I am not sure if this is the right place to ask this technical question. If not, I have also post the same question on stack overflow. Please excuse me and answer the question there, if you believe it would be better.

I wonder how I can build a function map_feat(feat, plane_mask) that can map a 3D feature [B, C, D, H, W] into a stack of 2D feature [B, C, H’, W’] based on a few pre-defined slicing planes. Here is a toy example,

import torch
import numpy as np

def coordinates(voxel_dim, device=torch.device('cpu')):
    nx, ny, nz = voxel_dim
    x = torch.arange(nx, dtype=torch.long, device=device)
    y = torch.arange(ny, dtype=torch.long, device=device)
    z = torch.arange(nz, dtype=torch.long, device=device)
    x, y, z = torch.meshgrid(x, y, z)
    return torch.stack((x.flatten(), y.flatten(), z.flatten()))


def get_plane_mask(verts, n1, n2, n3):
    a =  verts[0] * n1 + verts[1] * n2 + verts[2] * n3
    return a == 1

I have a 3D feature from network. To make things simple, let’s say batch size = 1 and channel = 5

voxel_dim = [10, 10, 5]
feat = torch.randn([1, 5] + voxel_dim)

And I have a few pre-defined slicing planes

verts = coordinates(voxel_dim)
plane_mask = []
plane_mask.append(get_plane_mask(verts, 0.1, 0.2, 0.))
plane_mask.append(get_plane_mask(verts, 0.2, 0, 0))
plane_mask.append(get_plane_mask(verts, 0, 0, 0.5))

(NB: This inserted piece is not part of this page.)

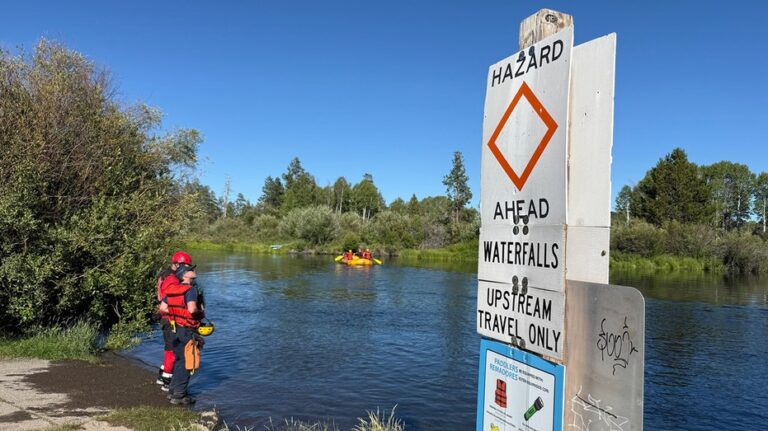 6 swept over Oregon waterfall; 1 dead and 2 missing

Next, I wish to index the feature values lying on these planes and interpolate them into a new 3D feature volume, where the last dimension corresponding to the index of the plane masks, and the first 4 dimensions are the [B, C, H’, W’] as described above, i.e. batch size = 1, #channel = 3, height = 8 and width = 8.

new_feat = torch.zeros([1, 3, 8, 8, len(plane_mask)])
for i in range(len(plane_mask)):
    new_feat[:,:,:,:, i] = map_feat(feat, plane_mask[i])

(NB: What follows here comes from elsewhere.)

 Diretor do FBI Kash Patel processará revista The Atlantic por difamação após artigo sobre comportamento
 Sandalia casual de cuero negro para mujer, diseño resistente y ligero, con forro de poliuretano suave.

This mapping is similar to the CT scan, in which, given a slicing plane, we get a 2D image show the cross section of a 3D volume. It also somehow similar to ROI_pooling I feel.

Any idea to implement this map_feat function is appreciated! It would be even better if the implemented function can do it in one pass without for loop. I can save the plane mask into a sparse tensor.

Currently, I am only considering the case where cross_section is a rectangle, no need to deal with more general cases (triangle, pentagon, etc) at this point. Thank you in advance.